LTO on OS X

After getting an LTO build of firefox working on ELF, I decided to try OS X again. There are some differences on how the interface with the linker works and which features are needed from LLVM for it to work. Fortunately I got it just in time for LLVM 2.9 branching :-)

Linker plugins X libraries

Gold and now the traditional bfd based gnu linker use plugins to support LTO. The Apple linker uses a library. From the user perspective, it should not be all that different. Unfortunately, clang will pass -plugin to gold, but it will not set DYLD_LIBRARY_PATH when running the OS X linker, so the linker will then use the system copy of LLVM.

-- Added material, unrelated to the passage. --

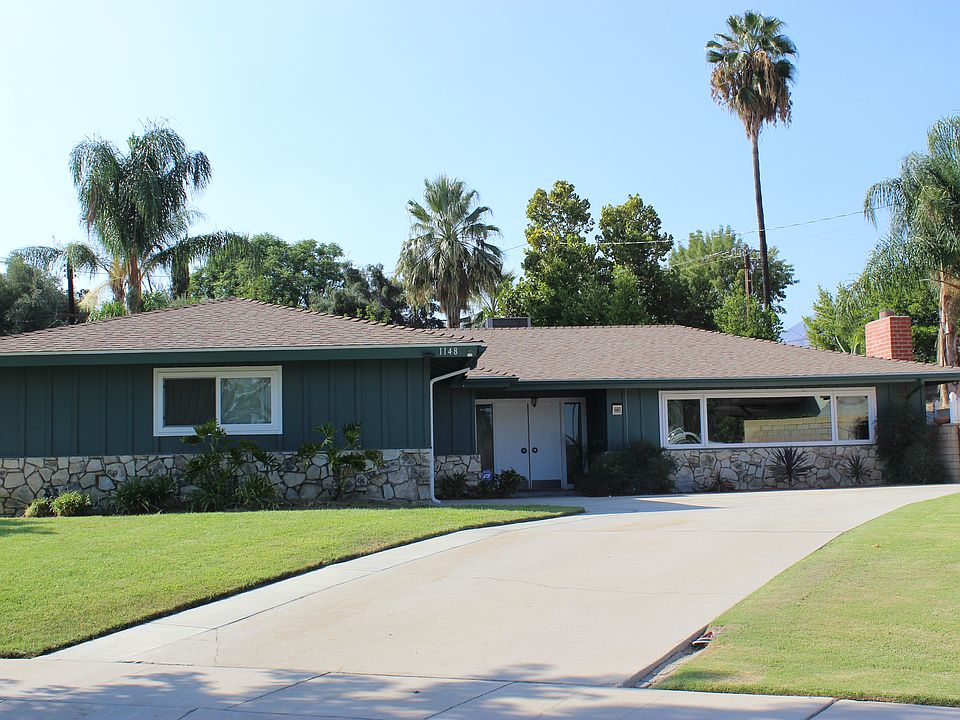 Beautiful single level Ranch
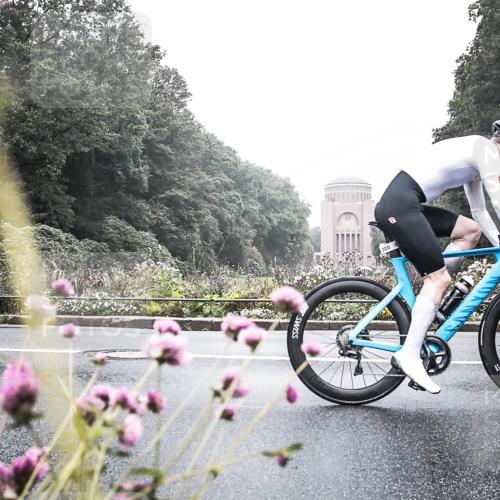 13.09.2026 - Stadtparktriathlon H.Heesch http://msf.ph/oto/10348205 13.09.2026 10:18:45 Radfahren 213, 243, 300, 333, 368, 412 meine-sportfotos.de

To use the local build of llvm, just set DYLD_LIBRARY_PATH. I used

DYLD_LIBRARY_PATH=... make -f client.mk

but it might be possible to set it somewhere in mozconfig.

The -dead_strip option

The OS X linker can strip dead code. This should work with LTO, but unfortunately I was getting linker crashes if using both. To test LTO I changed configure to disable -dead_strip if using LTO (see bug 638149).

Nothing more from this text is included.